Tras el anuncio de la voluntad socialista de ir a una guerra civil si perdía las elecciones, el 20 de enero, Largo Caballero señalaba en un mitin celebrado en Linares:

«[…] la clase obrera debe adueñarse del poder político, convencida de que la democracia es incompatible con el socialismo, y como el que tiene el poder no ha de entregarlo voluntariamente, por eso hay que ir a la revolución»[94].

El 10 de febrero de 1936, en el Cinema Europa, Largo Caballero volvía a insistir en sus tesis revolucionarias y antidemocráticas:

«[…] la transformación total del país no se puede hacer echando simplemente papeletas en las urnas… estamos ya hartos de ensayos de democracia; que se implante en el país nuestra democracia»[95]

No menos explícito sería el socialista González Peña al indicar la manera en que se comportaría el PSOE en el poder:

«[…] la revolución pasada [la de Asturias] se había malogrado, a mi juicio, porque más pronto de lo que quisimos surgió esa palabra que los técnicos o los juristas llaman «juridicidad». Para la próxima revolución, es necesario que constituyéramos unos grupos que yo denomino «de las cuestiones previas». En la formación de esos grupos yo no admitiría a nadie que supiese más de la regla de tres simple, y apartaría de esos grupos a quienes nos dijesen quiénes habían sido Kant, Rousseau y toda esa serie de sabios. Es decir, que esos grupos harían la labor de desmoche, de labor de saneamientos, de quitar las malas hierbas, y cuando esta labor estuviese realizada, cuando estuviesen bien desinfectados los edificios públicos, seria llegado el momento de entregar las llaves a los juristas».

González Peña acababa de anunciar todo un programa que se cumpliría apenas unos meses después con la creación de las checas.

Con no menos claridad se expresaban los comunistas. En febrero de 1936, José Díaz[96] dejó inequívocamente de manifiesto que la meta del PCE era «la dictadura del proletariado, los soviets» y que sus miembros no iban a renunciar a ella.

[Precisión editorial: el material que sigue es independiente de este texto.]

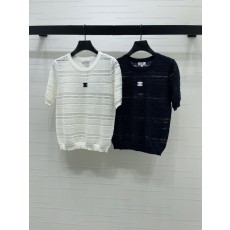 샤넬 라운드넥 오픈워크 니트 반팔 001-183041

De esta manera, aunque los firmantes del pacto del Frente Popular (Unión Republicana, Izquierda Republicana, PSOE, UGT, PCE, FJS, Partido Sindicalista y POUM[97]) suscribían un programa cuya aspiración fundamental era la amnistía de los detenidos y condenados por la insurrección de 1934[98] —reivindicada como un episodio malogrado pero heroico— algunos de ellos lo consideraban como un paso previo, aunque indispensable, al desencadenamiento de una revolución que liquidara a su vez la Segunda República incluso al costo de iniciar una guerra civil contra las derechas.

También sus adversarios políticos centraron buena parte de la campaña electoral en la mención del levantamiento armado de octubre de 1934. Desde su punto de vista, el triunfo del Frente Popular se traduciría inmediatamente en una repetición, a escala nacional y con posibilidades de éxito, de la revolución. En otras palabras, no sería sino el primer paso hacia la liquidación de la república y la implantación de la dictadura del proletariado.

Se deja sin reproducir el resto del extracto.